Sunday, October 01, 2006

Useful Links

For information regarding the Tilli Tomas/Sarah's Yarns issue, please visit Sarah's blog and navigate your way to the September archives (on the right navigation bar), specifically September 5th, 2006 and upwards. Other links to sites, podcasts, and threads discussing keystone pricing are listed below:

Lime & Violet Podcast (Episode 12) (be sure to read the listener comments)
Cast-On Podcast (Episode 38)
Cast-On Podcast (Episode 40)
Sexy Knitters Club website
Pixie Purls Podcast (Episode 15)
Live Journal Knitting Community

Whether price-fixing is illegal is still up for debate (although we have been informed that class action suits are being initiated). What we do know is that whether it's legal or not, most knitters and crocheters do not like the idea of yarn manufacturers requiring retail keystone pricing, consider it unethical, and are apparently willing to stop purchasing the yarns made by these manufacturers. Links to just a few of the sites with information regarding price fixing are listed below:

US Department of Justice website
Federal Trade Commission website
D.C. Office of the Attorney General's Price Fixing & Bid Rigging
Antitrust Law Blog

5 Comments:

At 7:20 AM, Blogger AmyDe said...

This is NOT price fixing. It is only good business. Price fixing would be if all the yarn companies got together and agreed (collusion) that as an industry ALL yarns must be sold in this manner. No such collusion has occured and whay is it that ewveryone is up in arms about keystone pricing in the yarn industry - I don't see anyone compaining about the 600% or so mark-up on furniture or jewelry - it's just the way business is done for them - so why is it that yarn companies are held to a different standard?

 
At 1:16 PM, Blogger Kate A. said...

I responded at some length about the Sarah's Yarns / Tilli Thomas issue on my blog, and generated some discussion. I would love to see more, and am really happy to see this blog dedicated to informing the knitting market about the issues involved. I posted about it twice, here:

http://aastrikke.blogspot.com/2006/09/yarn-market.html

And here:

http://aastrikke.blogspot.com/2006/10/yarn-market-continued.html

 
At 4:15 AM, Anonymous Fixer said...

What the Yarn manufacturers are doing is not illegal. It would be illegal if retailers and manufacturers were colluding to set the price, or if manufacturers were colluding among themselves to set the price. But as long as the price is set unilaterally by the manufacturer, it is not illegal.

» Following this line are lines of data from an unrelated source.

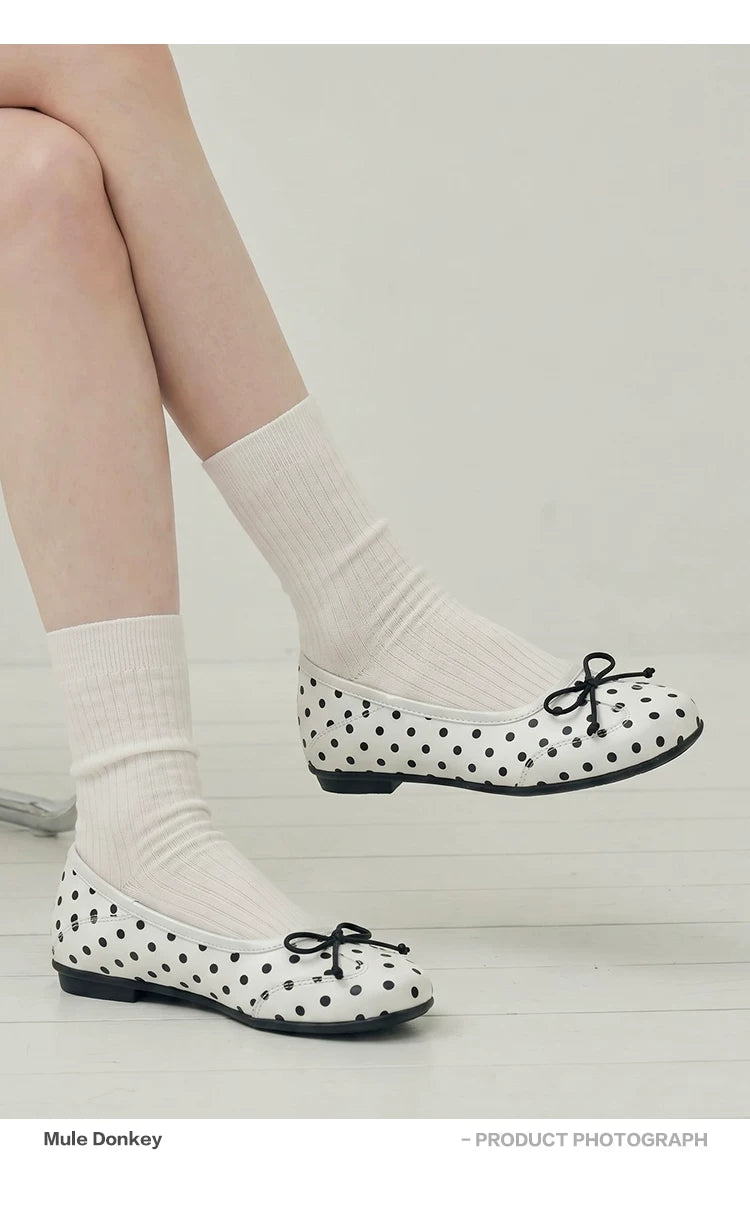 Donkey Shallow Mouth Polka Dot Inner Height Increasing Single Shoes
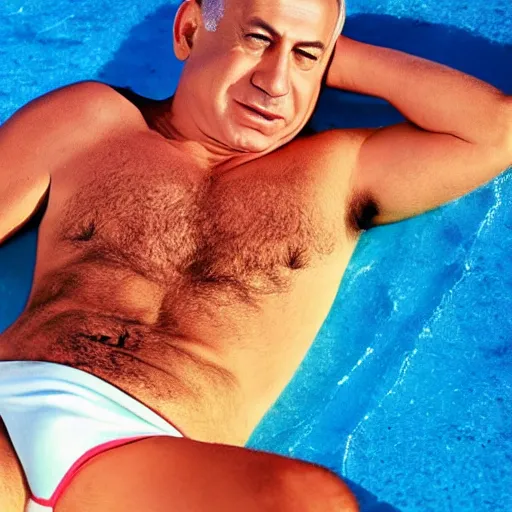 Prompt: benjamin netanyahu lying on the beach wearing a bikini, rich vivid colors, vibrant, warm, sharp focus, highly detailed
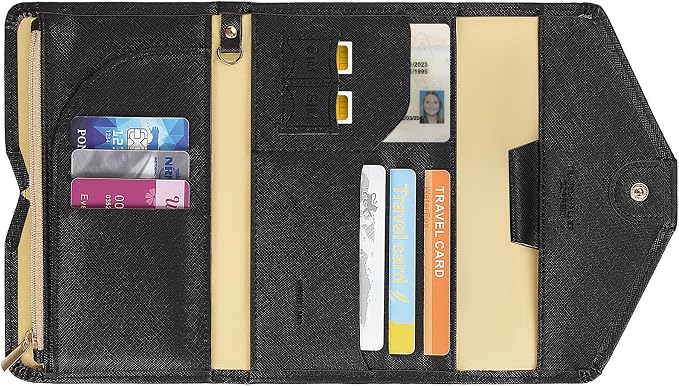 Passport Holder Travel Wallet Organizer for Women,Black | RFID secure, 6 card slots, 41 sim pockets, passport holder with zip-around wallet, slim fit for women travelers.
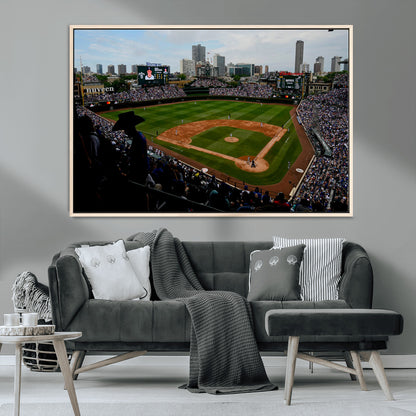 34859-MGV-CV-36X24-Wrigley Field Wall Art Canvas Print, Framed Chicago Cubs Stadium Art Picture Print, Wrigley Stadium Field Perfect Sport Room Decor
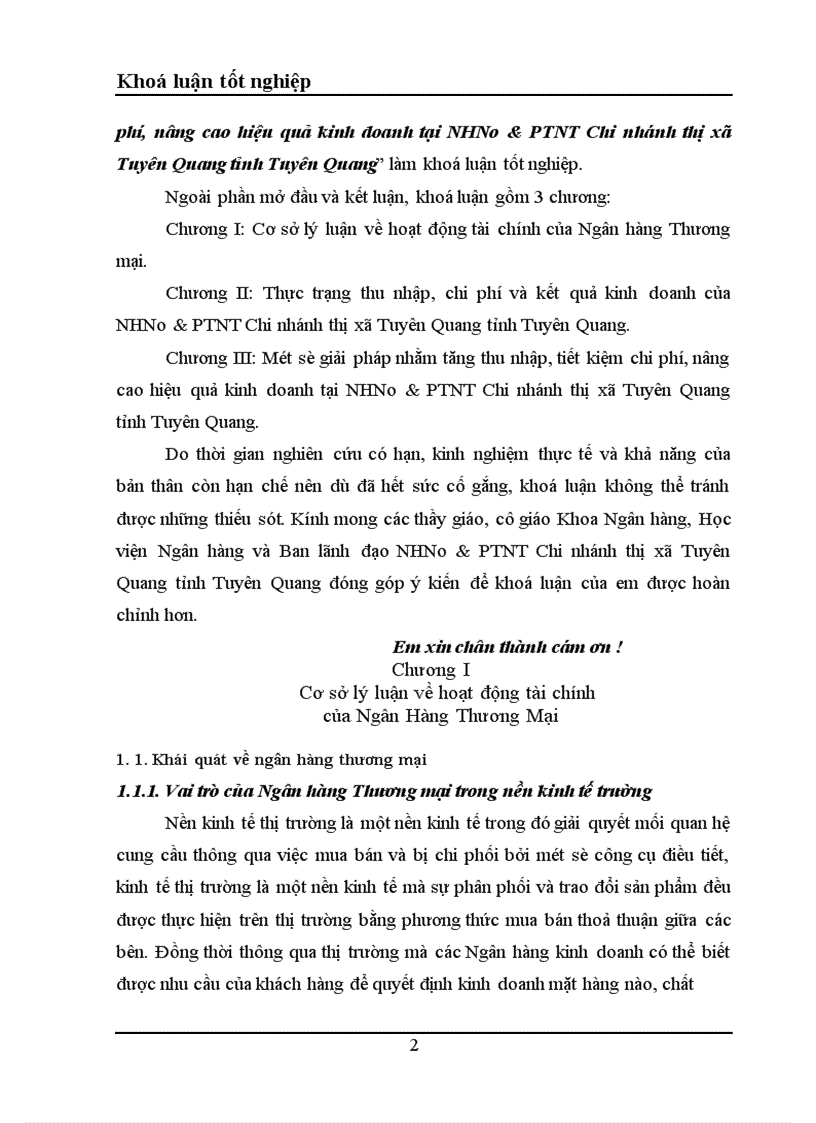 image for page Một số giải pháp nhằm tăng thu nhập tiết kiệm chi phí nâng cao hiệu quả kinh doanh tại NHNo PTNT Chi nhánh thị xã Tuyên Quang tỉnh Tuyên Quang 1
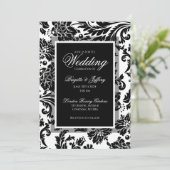 ブラック&ホワイトのダマスクフォーマルカスタムウェディング 招待状 (スタンド正面)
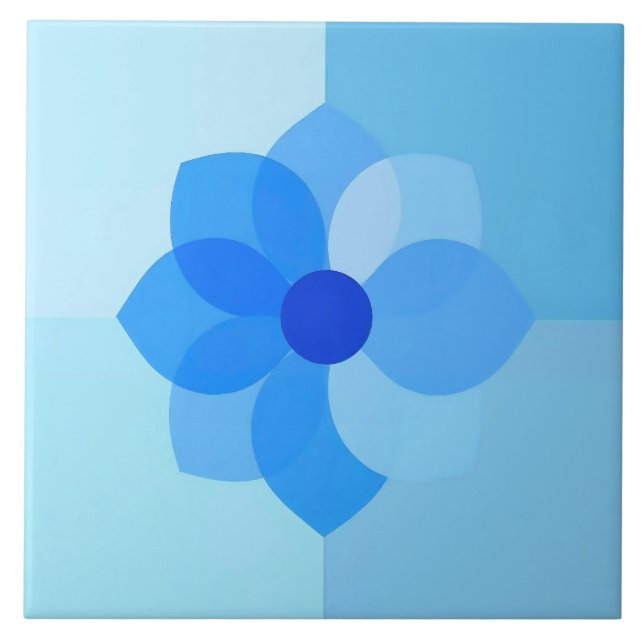 Azulejo Blue Mediterranean Modern Floral Ceramic Tile (Front)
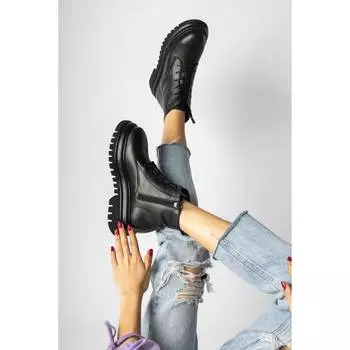 Женская мода из натуральной кожи черные кожаные сапоги с зубчатой подошвой повседневная обувь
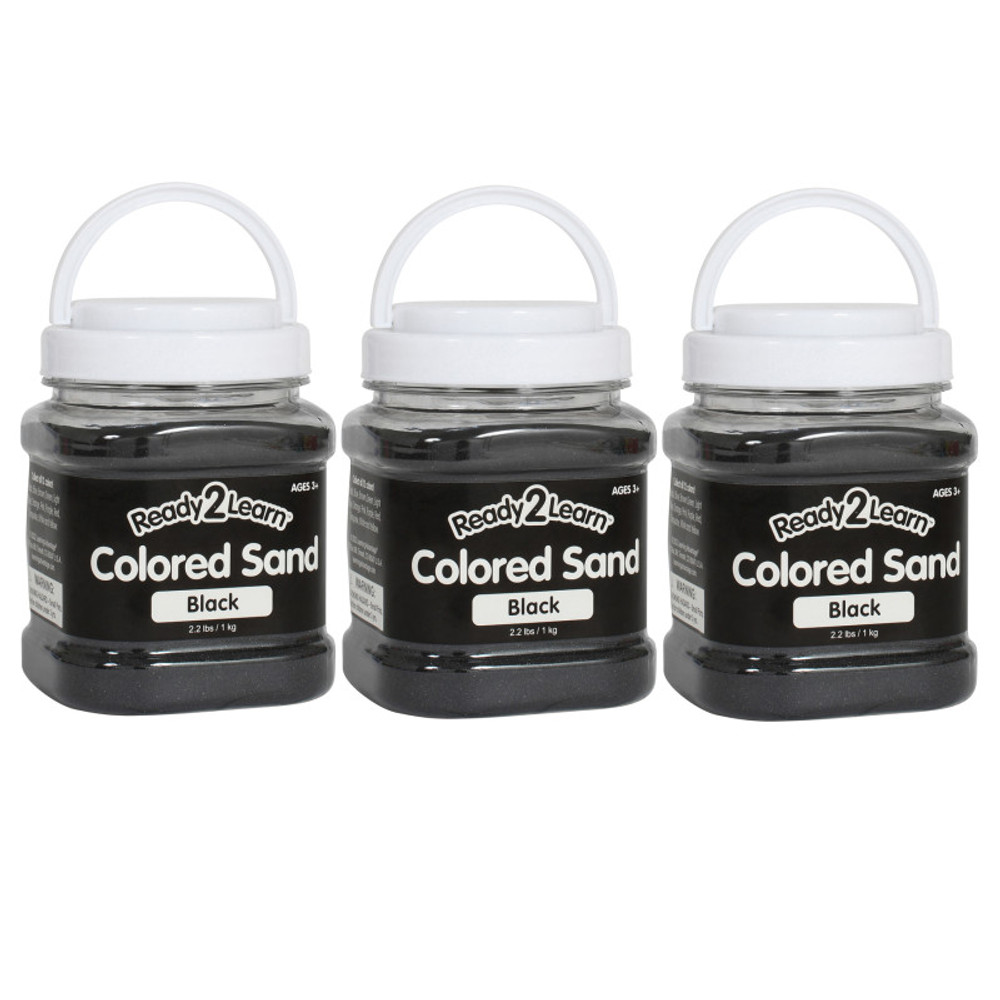 LEARNING ADVANTAGE READY 2 LEARN™ Colored Sand - Black - 2.2 lb. Jar - Pack of 3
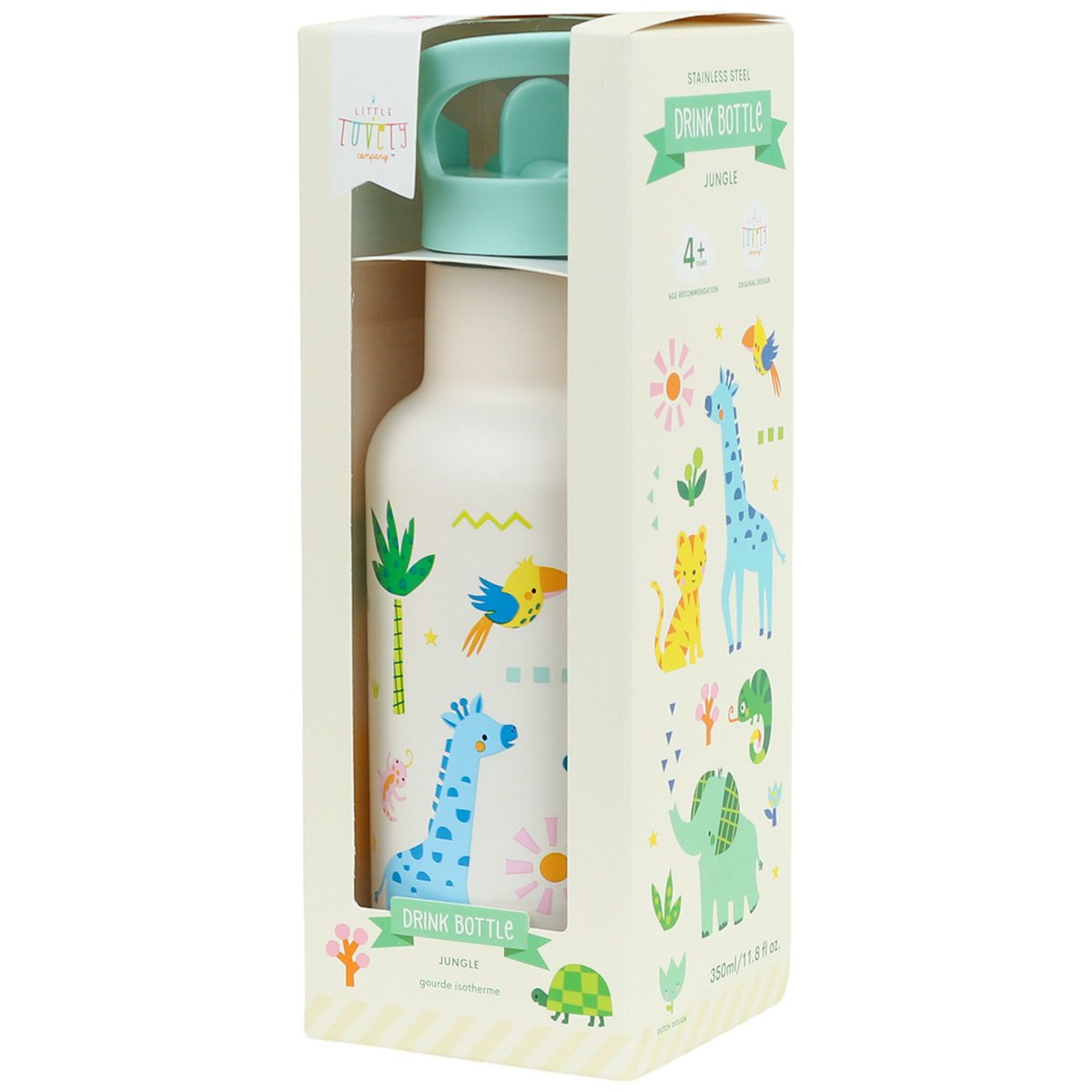 Gourde isotherme blanc, vert, bleu, A LITTLE LOVELY COMPANY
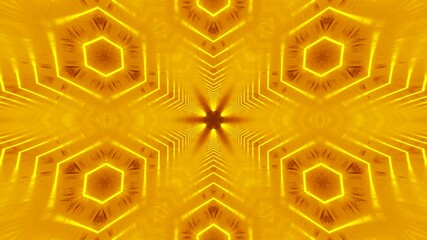 Abstract kaleidoscope neon acid mandala background showcasing radiant luminous hexagonal geometry, seamless ornamental glowing animation evolving in futuristic dynamic loops. - Powered by Adobe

The antitrust laws, however, give a manufacturer latitude to adopt a policy regarding a desired level of resale prices and to deal only with retailers who independently agree to that policy. A manufacturer also is permitted to stop dealing with a retailer who breaches the manufacturer’s resale price maintenance policy. That is, the manufacturer can adopt the policy on a "take it or leave it" basis.

Agreements on maximum resale prices are evaluated under the "rule of reason" standard because in some situations these agreements can benefit consumers by preventing dealers from charging a non-competitive price.


http://law.freeadvice.com/resources/gov_material/ftc_guide_to_antitrust_laws_illegal_business_practices.htm

I presume that the reason that the manufacturers wish to set the price is to prevent one or two large retailers (perhaps Internet retailers) from dominating the market through high efficiencies. This might lead to the collapse of the mom and pop retailer which might in turn reduce overall sales (by destroying a channel).

If the retailers were better marketers, they could get this point across in a manner that would probably reduce the level of vitrol around the issue.

 
At 7:21 PM, Blogger Consumer Friendly Yarns said...

Fixer, there are two types of "price fixing". One type is "horizontal price fixing" which is the type of price fixing you're referring to (between competing companies). The other type of price fixing is "vertical price fixing" which is described below.

Vertical agreements between buyers and sellers: Certain kinds of agreements between parties in a buyer-seller relationship, such as a retailer who buys from a manufacturer, also are illegal. Price-related agreements are presumed to be violations, but antitrust authorities view most non-price agreements with less suspicion because many have valid business justifications.

Resale price maintenance agreements. Vertical price-fixing -- an agreement between a supplier and a dealer that fixes the minimum resale price of a product -- is a clear-cut antitrust violation. It also is illegal for a manufacturer and retailer to agree on a minimum resale price.

“The antitrust laws, however, give a manufacturer latitude to adopt a policy regarding a desired level of resale prices….”, meaning that in SOME cases vertical price-fixing is allowed. Not all cases, and likely not MOST cases.

 
At 7:26 PM, Blogger luv2knit46 said...

Amyde -- Personally speaking, I wouldn't want to help support any company (furniture, jewelry, or otherwise) who marked their product up 600%, would you? And if there are companies doing such a thing, it's only a matter of time before their customers get wind of it and demand that this type of business practice stop! And IF other companies are getting away with this, does that justify it within the yarn industry? Do two wrongs make a right?